Short text fragments from websites
□ □ □ □ □ □ □

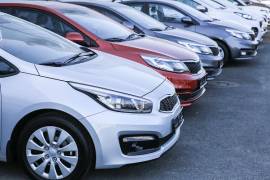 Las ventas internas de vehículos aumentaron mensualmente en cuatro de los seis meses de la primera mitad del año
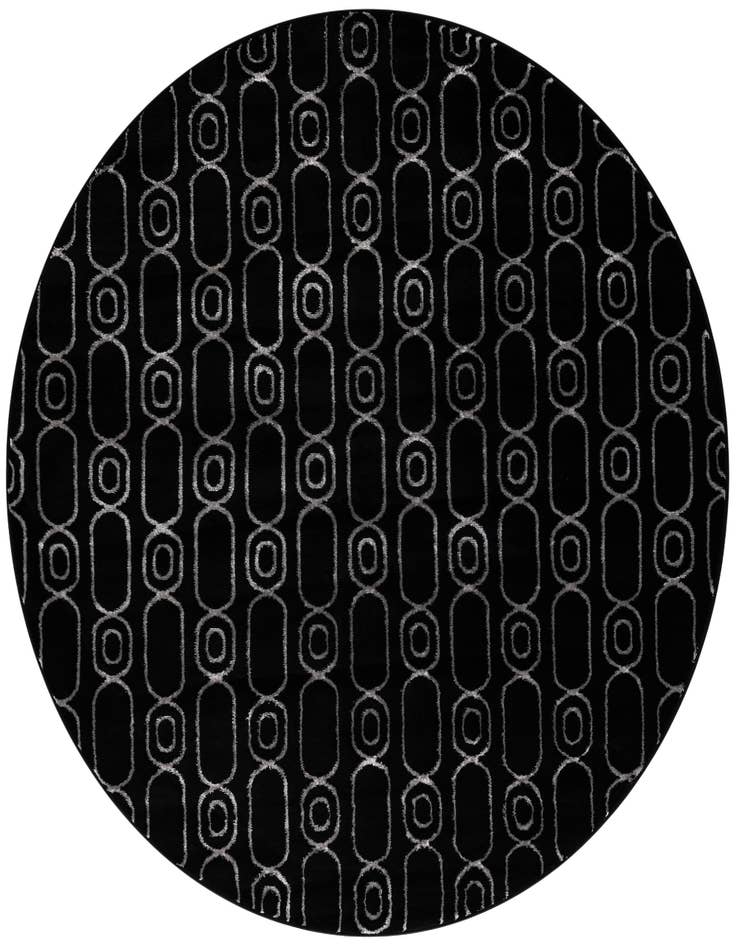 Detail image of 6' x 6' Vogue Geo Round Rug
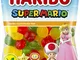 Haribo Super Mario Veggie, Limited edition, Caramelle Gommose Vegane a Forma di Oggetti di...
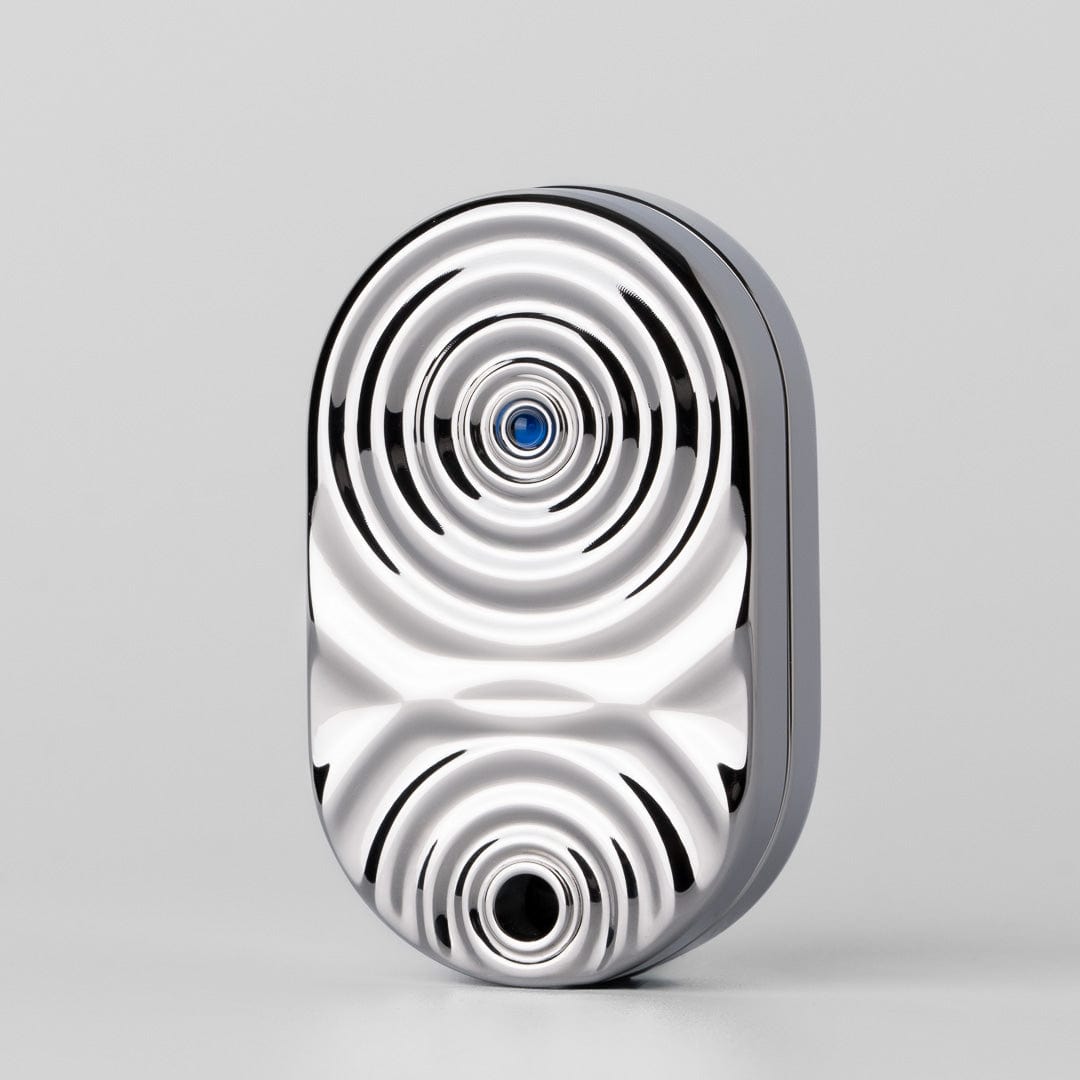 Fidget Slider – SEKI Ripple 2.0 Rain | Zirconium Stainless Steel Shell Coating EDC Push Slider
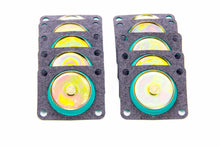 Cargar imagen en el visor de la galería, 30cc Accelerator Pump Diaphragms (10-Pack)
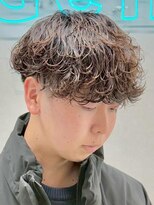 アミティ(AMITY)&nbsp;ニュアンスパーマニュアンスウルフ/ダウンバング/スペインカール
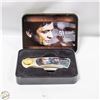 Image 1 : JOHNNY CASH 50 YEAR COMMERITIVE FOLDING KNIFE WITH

□ □ □ □ □ □ □

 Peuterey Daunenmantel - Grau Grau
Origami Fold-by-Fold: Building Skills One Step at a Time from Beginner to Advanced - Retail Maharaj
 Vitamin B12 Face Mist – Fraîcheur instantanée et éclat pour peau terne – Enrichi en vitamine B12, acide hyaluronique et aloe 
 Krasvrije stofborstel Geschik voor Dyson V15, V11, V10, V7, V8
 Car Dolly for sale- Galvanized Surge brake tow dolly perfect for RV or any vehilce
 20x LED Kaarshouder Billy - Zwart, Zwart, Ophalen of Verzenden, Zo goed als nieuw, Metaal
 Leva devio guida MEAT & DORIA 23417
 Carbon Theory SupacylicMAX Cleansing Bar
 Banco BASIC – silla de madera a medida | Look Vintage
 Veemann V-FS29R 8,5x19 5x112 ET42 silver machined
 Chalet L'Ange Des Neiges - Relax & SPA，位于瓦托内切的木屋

□ □ □ □ □ □ □

■ **Task requirements**
Scan the lines above for "Banco BASIC –" and for "Chalet L'Ange Des". Repeat exactly the line holding each of them and every line in between.

■ **Answer for the task**
 Banco BASIC – silla de madera a medida | Look Vintage
 Veemann V-FS29R 8,5x19 5x112 ET42 silver machined
 Chalet L'Ange Des Neiges - Relax & SPA，位于瓦托内切的木屋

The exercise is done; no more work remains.